We - even as believers - are fallen sinners. And there are many factors that play into our understandings of secondary doctrines, such as pride, what books we've read, what preachers we've listened to, what backgrounds we've come from - even our ability to think and reason.

We're not to blame Scripture - indeed there is only one set of truths there - but there is not one believer on earth who is the perfect interpreter of Scripture (remember we don't believe in popes?)

Ways to discern primary from secondary
This is no new debate, of course. The early church fathers wrestled with it and came up with creeds in an attempt to codify the central indisputable truths.

One way to discern a primary truth is how often it is repeated in Scripture. For example, that God is the Creator of the universe is stated so frequently that to deny it is to be a heretic. (You will notice that I did not add created the world in 6 24-hour days - why? Because on detail Christians - real ones - are genuinely divided).
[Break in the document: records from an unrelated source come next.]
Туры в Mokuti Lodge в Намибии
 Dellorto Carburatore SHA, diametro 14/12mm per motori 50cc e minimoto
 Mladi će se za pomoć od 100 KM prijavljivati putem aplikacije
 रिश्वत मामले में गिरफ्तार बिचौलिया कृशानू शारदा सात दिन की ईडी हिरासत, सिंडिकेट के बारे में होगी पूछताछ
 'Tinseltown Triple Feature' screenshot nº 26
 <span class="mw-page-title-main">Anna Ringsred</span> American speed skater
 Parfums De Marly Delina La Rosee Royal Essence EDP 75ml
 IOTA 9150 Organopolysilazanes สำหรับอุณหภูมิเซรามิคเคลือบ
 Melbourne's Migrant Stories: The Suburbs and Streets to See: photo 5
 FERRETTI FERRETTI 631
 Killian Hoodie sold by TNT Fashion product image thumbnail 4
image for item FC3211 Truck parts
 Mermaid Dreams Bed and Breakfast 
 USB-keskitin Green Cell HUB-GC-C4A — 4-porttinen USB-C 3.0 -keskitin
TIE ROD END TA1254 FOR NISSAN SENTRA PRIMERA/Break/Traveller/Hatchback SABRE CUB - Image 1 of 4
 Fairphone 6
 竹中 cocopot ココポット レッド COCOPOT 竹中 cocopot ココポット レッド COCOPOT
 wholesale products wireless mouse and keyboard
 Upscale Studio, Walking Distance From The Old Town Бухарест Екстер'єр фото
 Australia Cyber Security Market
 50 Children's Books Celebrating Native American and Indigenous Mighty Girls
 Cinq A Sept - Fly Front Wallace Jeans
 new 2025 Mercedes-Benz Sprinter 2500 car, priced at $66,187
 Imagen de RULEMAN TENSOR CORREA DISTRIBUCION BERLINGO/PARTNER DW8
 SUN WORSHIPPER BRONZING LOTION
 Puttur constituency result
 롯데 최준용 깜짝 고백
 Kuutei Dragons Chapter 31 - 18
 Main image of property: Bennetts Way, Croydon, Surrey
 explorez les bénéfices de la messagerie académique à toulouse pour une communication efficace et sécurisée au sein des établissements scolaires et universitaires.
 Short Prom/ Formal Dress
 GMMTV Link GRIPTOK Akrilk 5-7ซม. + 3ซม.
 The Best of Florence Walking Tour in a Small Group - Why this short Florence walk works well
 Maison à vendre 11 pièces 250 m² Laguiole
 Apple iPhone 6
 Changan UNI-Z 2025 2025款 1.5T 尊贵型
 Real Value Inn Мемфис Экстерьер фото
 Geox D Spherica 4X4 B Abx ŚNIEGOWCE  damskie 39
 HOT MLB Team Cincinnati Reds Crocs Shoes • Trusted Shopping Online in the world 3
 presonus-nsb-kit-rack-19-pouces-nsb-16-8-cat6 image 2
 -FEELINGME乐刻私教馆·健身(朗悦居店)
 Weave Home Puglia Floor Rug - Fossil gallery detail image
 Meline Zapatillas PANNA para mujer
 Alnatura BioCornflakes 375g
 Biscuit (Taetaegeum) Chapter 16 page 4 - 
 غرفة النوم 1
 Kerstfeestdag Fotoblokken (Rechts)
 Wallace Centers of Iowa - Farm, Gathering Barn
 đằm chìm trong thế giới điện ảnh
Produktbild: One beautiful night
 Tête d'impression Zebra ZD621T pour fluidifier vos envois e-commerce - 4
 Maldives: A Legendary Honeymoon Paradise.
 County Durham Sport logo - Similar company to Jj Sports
Another way to discern primary truth is this: sometimes the Scriptures themselves say "this is of first importance". Take for example 1 Corinthians 15:3, "For what I received I passed onto you as of first importance: that Christ died for our sins according to the Scriptures, that he was buried, that he was raised on the third day..." People who deny that Jesus died for our sins, deny that he was buried and died, deny that he was raised from the dead are heretics. It really is as simple as that.

A third way of discerning primary truth is to ask what the church has held down the ages. We are not on our own, we are privileged to be in a long line of believers stretching back 2000 - no more - years. What did they believe? Creeds are not irrelevant.

The so-what question
Once we have discerned primary from secondary the hard part begins. Because the only conclusion to such a process is to love and cherish all those who hold to these primary truths and treat them as brothers and sisters in Christ.

For some this is too great a cost, and so they resort to "all my truth is the truth" "there are no secondaries" which helps them to justify living in their ghettos and not bothering with their "wacky" brothers and sisters in Christ.